Scheidemann, Heinrich - The Art of Heinrich Scheidemann

Verbindungsmann


Label/Verlag: Accent
Detailinformationen zum besprochenen Titel


Heinrich Scheidemann wird als wichtiges Bindeglied musikhistorisch prägender Sphären porträtiert. Le Concert Brisé findet wie erwartet zu einem überaus feinsinnigen Plädoyer für diese Musik.

In der Biografie Heinrich Scheidemanns spiegelt sich große Musikgeschichte: Geboren 1596, wurde er vor allem als gelehriger Schüler Jan Pieterszoon Sweelincks geprägt, bevor er ab 1629 bis zu seinem Tod 1663 als Organist an der Hamburger Katharinenkirche zur seinerseits prägenden Größe wurde – als Lehrer unter anderem von Matthias Weckmann und Johann Adam Reincken. Scheidemann hatte also eine wichtige Scharnierfunktion von der niederländischen Orgelschule in den norddeutschen Orgelbarock hinein, und damit auch zu Dietrich Buxtehude und über Reincken auch zu Johann Sebastian Bach.

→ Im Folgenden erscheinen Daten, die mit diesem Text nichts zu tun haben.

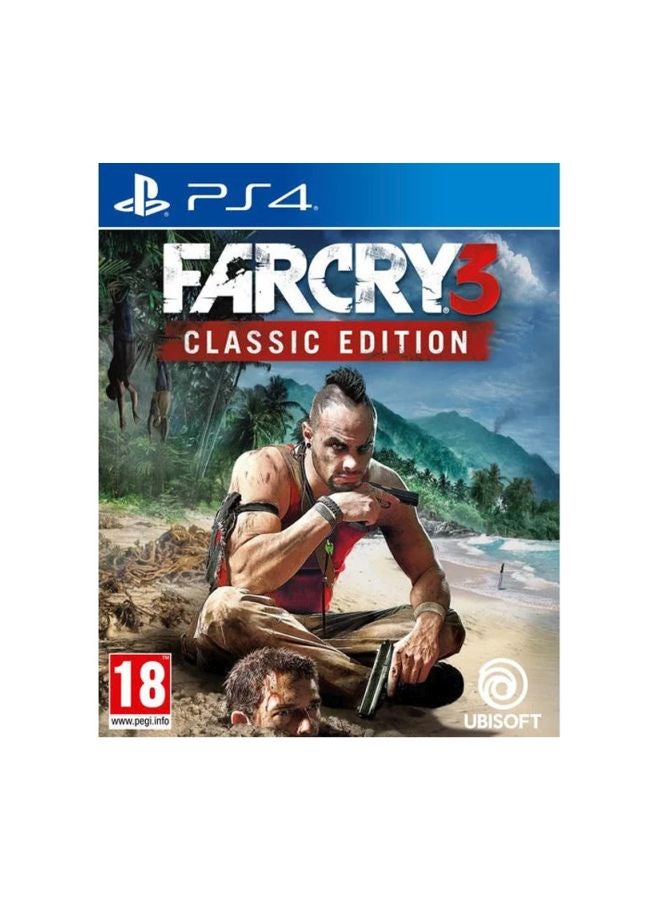 أوبيسوفت - لعبة الفيديو Far Cry 3 - (إصدار عالمي) - الأكشن والتصويب - بلاي ستيشن 4 (PS4) - Image 1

Mithin: Scheidemann ist schwerlich zu unterschätzen, auch wenn sein hinterlassenes Werk das typische eines Organisten der Zeit ist – also in der musikalischen Ästhetik der gelegentlichen Fixierung vergänglicher improvisatorischer Ideen verankert. Ein Großteil seines schöpferischen Werks ist demnach verloren. Das Überlieferte ist weitgehend der Sphäre der Diminution zuzuordnen. Diese Sätze wirken wie im Moment des Spiels entstanden, oft italienische Traditionen aufgreifend, zum Beispiel in Vorlagen von Hassler, Bassano oder di Lasso, dazu kommen lutherische Choräle, die Scheidemann im Kontrast zur Gemeindeversion mit kunstfertigen Umspielungen versah; auch eine englische, vermutlich von Sweelinck tradierte Linie ist zu beobachten, etwa mit einer Ausdeutung der ‚Pavane lachrymae‘ von John Dowland.

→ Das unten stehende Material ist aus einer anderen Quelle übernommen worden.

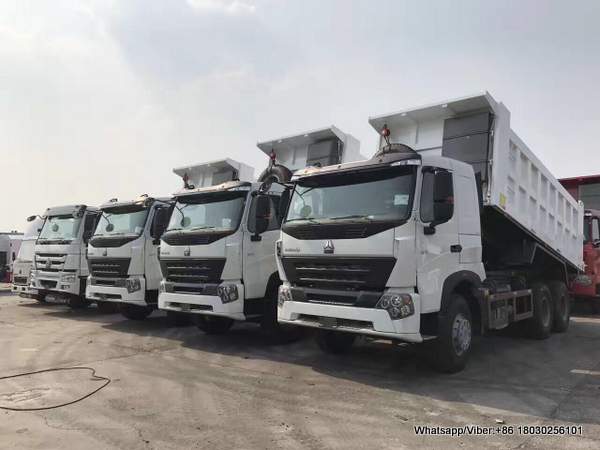 howo tipper trucks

Interpretatorische Feingeister

Diese Art der Musik fordert jeden Instrumentalisten, jedes Ensemble der Gegenwart dazu heraus, klingende Kunst neu zu schaffen, eine Fülle von Entscheidungen zu treffen, Besetzung und Organisation der Musik betreffend. Le Concert Brisé, für die Anforderungen des jeweiligen Programms immer wieder neu zusammengestellt vom Zinkenisten William Dongois, ist so eine hocherfahrene Formation: Stilistisch, technisch, in Sachen Repertoirekunde ist das überaus souverän, was Dongois auf verschiedenen Zinken, Alice Julien-Laferrière auf der Violine, Odile Bernard auf der Blockflöte und Jean-Christophe Leclere auf der Orgel da bieten. Auch das virtuos Fordernde wird mit beiläufiger Gelassenheit gespielt, in einer Präsentation ohne Überdruck, die das Bewegte bei aller Intensität der kleinteiligen Bewegung nicht in den Vordergrund stellt, sondern in den musikalischen Kontext großer Bögen einbindet, es zwingend aus der Substanz heraus entwickelt. Diminution wirkt schlüssig entfaltet, ist nie eitler Selbstzweck. Das kommt der Ästhetik dieser Musik sehr nah.

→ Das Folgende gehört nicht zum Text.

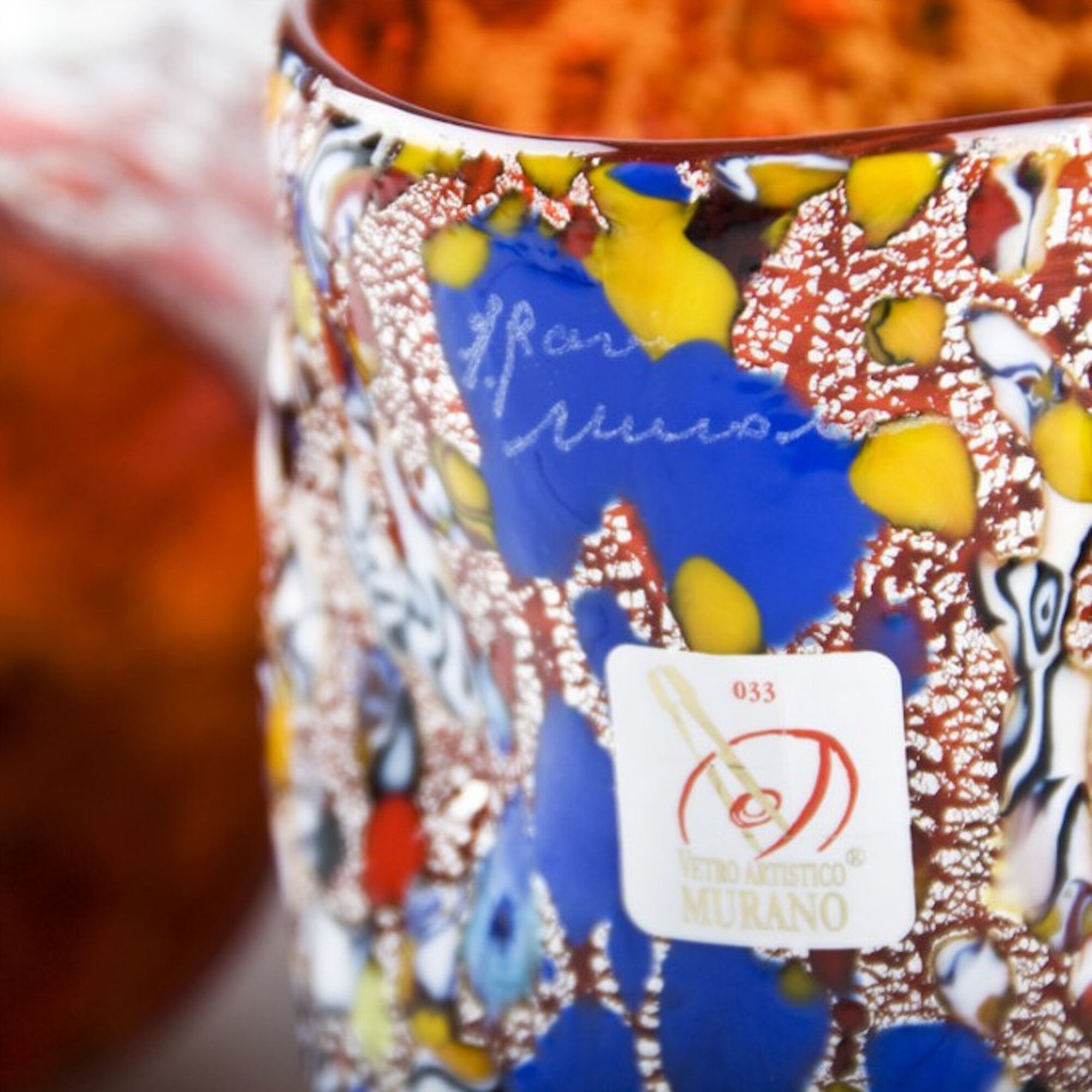 Набор из шести стаканов из муранского стекла ручной работы YourMurano готы ARCH-00138413 - Вид №5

Eine herausragende Rolle spielt die durchgehend präsente Orgel, die im französischen Talanges steht und 2003 von Rudi Jacques nach italienischen Vorbildern der Zeit um 1600 gebaut wurde. Ein Instrument, das das Geschehen sehr gelungen prägt, mit feiner Zeichnung und einem nie zu dichten Grundklang, eine Orgel, die auch erfreulich behände wirkt – nicht unwichtig, angesichts ihrer intensiven Beteiligung am diminutiven Geschehen.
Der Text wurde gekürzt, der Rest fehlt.